Así se forjó la leyenda de la ciudad más intrigante del norte de África, la más tolerante y apasionada: en ella y no en Casablanca se inspiró Michael Curtiz para rodar su película antes de que las coyunturas políticas le obligaran a tunear la realidad.
Los cambistas hebreos trajinaban en sus tenderetes con francos franceses y libras esterlinas, con dólares americanos, duros hassani y pesetas.
La prensa diaria se publicaba en cinco lenguas distintas, las salas de fiesta convivían con bares golfos como el Parade, La Mar Chica o el Dean’s Bar. En el Gran Teatro Cervantes —hoy ruinoso pero heroicamente en pie— Enrico Caruso y Antonio Machín alternaron sus voces con espectáculos de flamenco, estrenos de Hollywood, mítines anticolonialistas y representaciones de la Comédie Française en su camino hacia el sur.
Había distinguidos salones de té como el de Madame Porte, playas con terrazas y balnearios, colegios para niños de todas las procedencias.
Había un contrabando descarado y bullente, cuatro religiones repartidas entre iglesias, mezquitas y sinagogas, y un country club
. A sus calles asomaban más de 70 bancos, negocios turbios, espionaje de todos los colores y cafés repletos de humo y ardor político, abiertos de sol a sol.
En su puerto recalaban buques de mil banderas, y en algunas villas suntuosas del Monte Viejo, o en ciertos palacetes en la kasbah, las juergas duraban hasta el amanecer.
La nutrida colonia española se entremezclaba con amplias comunidades de franceses y británicos, más de 15.000 judíos sefardíes, numerosos italianos y hasta escritores atormentados, chicos malos de la beat generation, y bohemios chic de la jet set internacional. El laissez faire, laissez vivre —cuentan los que allí estuvieron— era la patria común.

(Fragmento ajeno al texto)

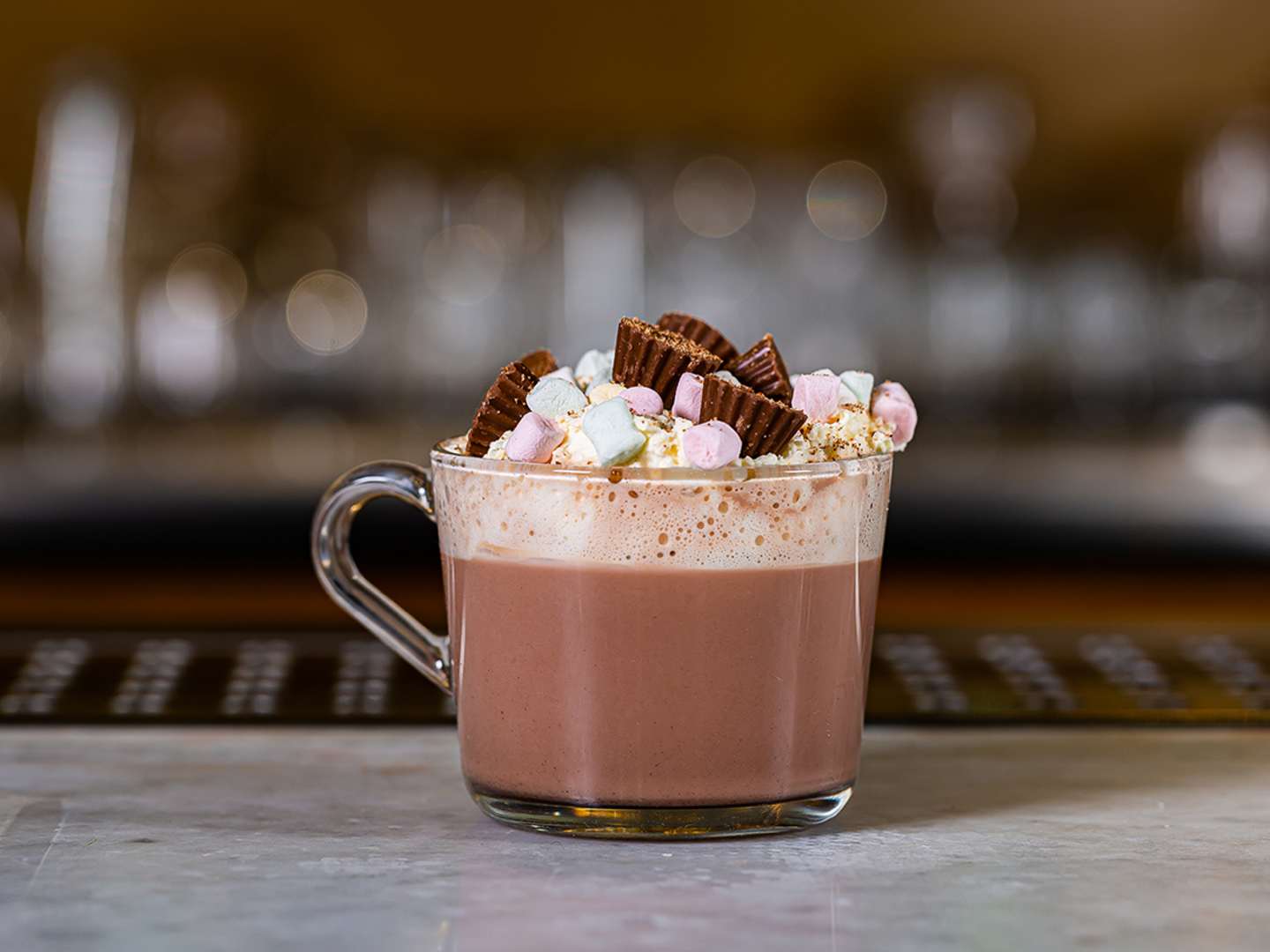 Grown-Up Hot Chocolate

Hoy apenas queda rastro de aquella época gloriosa más allá de los testimonios de los ancianos, las fotografías en blanco y negro que venden en algunos bazares, el elegante trazado del Bulevar Pasteur y unos cuantos edificios decrépitos como las escuelas de Casa Riera, el cine Alcázar o las fachadas de la avenida de España y la calle de Italia junto a los jardines de Mendoubia.

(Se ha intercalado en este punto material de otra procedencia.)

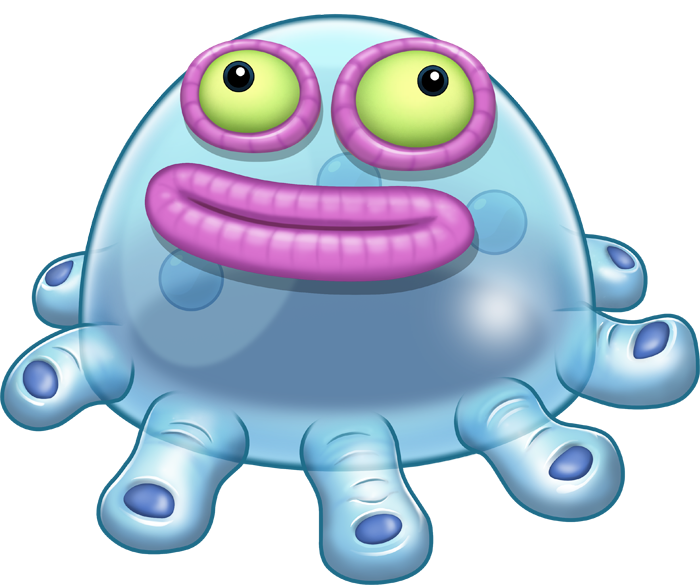 D Toejammer Adult - Toe Jammer Dawn Of Fire (700x585), Png Download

Pero a mí me sigue cautivando hasta los tuétanos esta ciudad; me sigue apasionando su legado, su soberbia decadencia, su luz.

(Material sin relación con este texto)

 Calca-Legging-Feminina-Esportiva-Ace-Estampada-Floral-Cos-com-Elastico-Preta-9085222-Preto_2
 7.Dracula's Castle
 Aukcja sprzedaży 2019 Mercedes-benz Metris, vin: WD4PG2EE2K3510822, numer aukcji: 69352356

Cada vez que la piso —tan a menudo como puedo— descubro en una esquina insospechada algún pequeño tributo a lo que fue.
Y me honra haber contagiado a numerosos lectores a través de mi novela El tiempo entre costuras, incitándolos a que la conozcan y se dejen seducir.
Lanzo por eso mis propuestas para perseguir los fantasmas de aquel Tánger internacional:
Un paseo por el cementerio anglicano de Saint Andrews (Rue d’Angleterre), alma del Tánger británico.
Bajo lápidas de piedra gris reposan los huesos de personajes singulares como el Caid McLean, el corresponsal de The Times Walter Harris o el legendario barman Dean
. Con ellos comparten el subsuelo un buen puñado de aristócratas, otros tantos hijos comunes de su graciosa majestad y un grupo de pilotos de la Royal Air Force caídos en acto de servicio durante la Segunda Guerra Mundial. Para atender a los visitantes está el amable Yassine, dispuesto a narrar en español un montón de historias y a desgranar el who’s who de la actual colonia inglesa.